-- How to complete this task --
What is needed is an exact copy of the entries, with the pictures excluded.

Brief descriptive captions
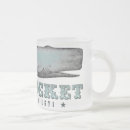 Recherche de sperme tasses Toute personne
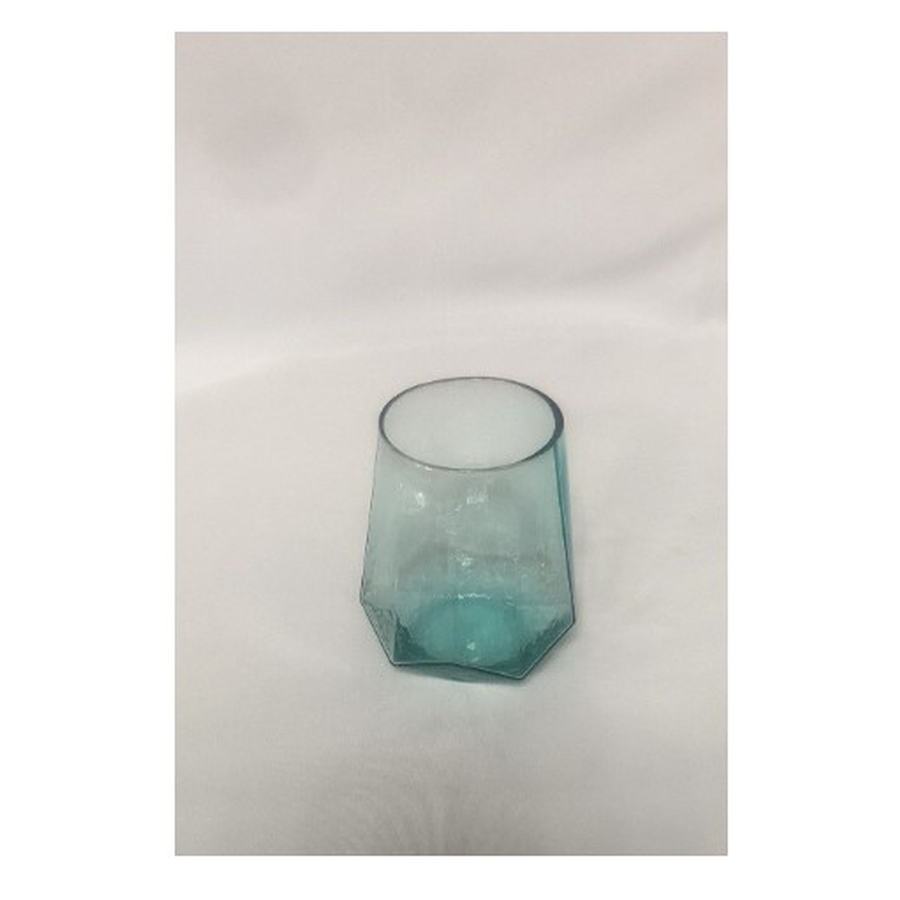 Стакан "Айс Блум" - Фото миниатюра 6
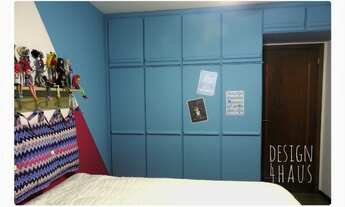 Imagem 5: LAGOA DA CONCEIÇÃO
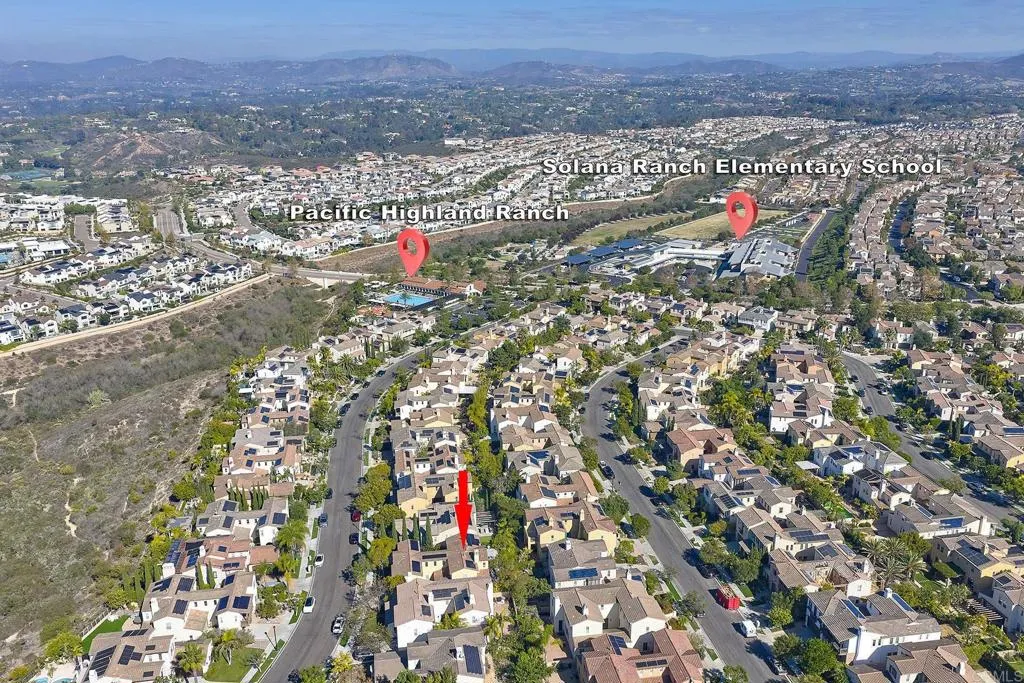 Additional image 92 of 5815 Blazing Star Ln., San Diego, CA 92130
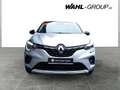 Renault Captur TechnoAutomatik TCe 140  **NAVI*LED*SHZ** Grijs - thumbnail 2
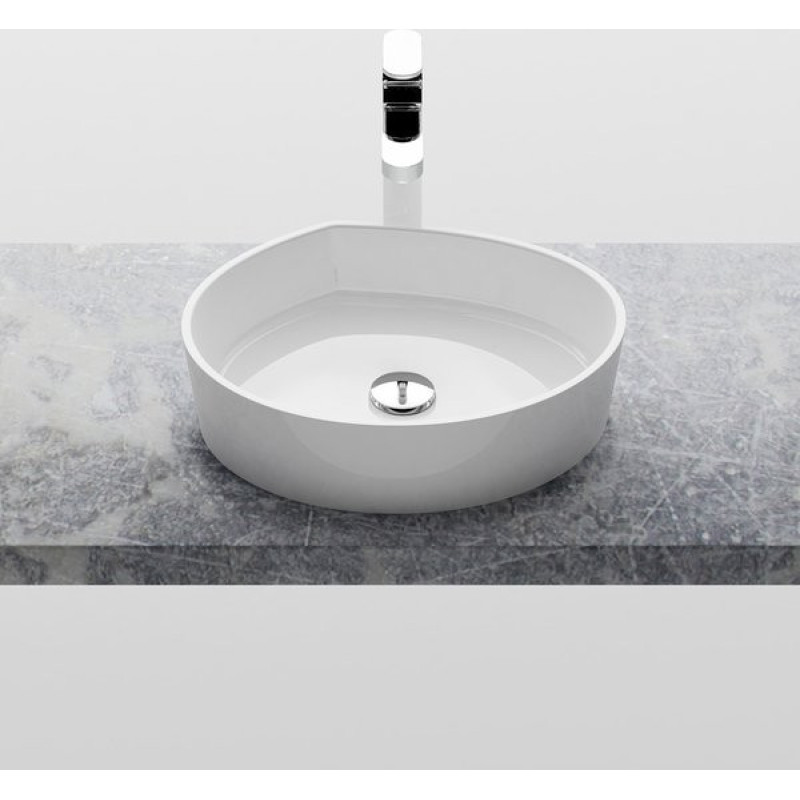 Ravak Valamu   Moon 3, XJN01300004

-- Task answer --
 Recherche de sperme tasses Toute personne
 Стакан "Айс Блум" - Фото миниатюра 6
 Imagem 5: LAGOA DA CONCEIÇÃO
 Additional image 92 of 5815 Blazing Star Ln., San Diego, CA 92130
 Renault Captur TechnoAutomatik TCe 140  **NAVI*LED*SHZ** Grijs - thumbnail 2
 Ravak Valamu   Moon 3, XJN01300004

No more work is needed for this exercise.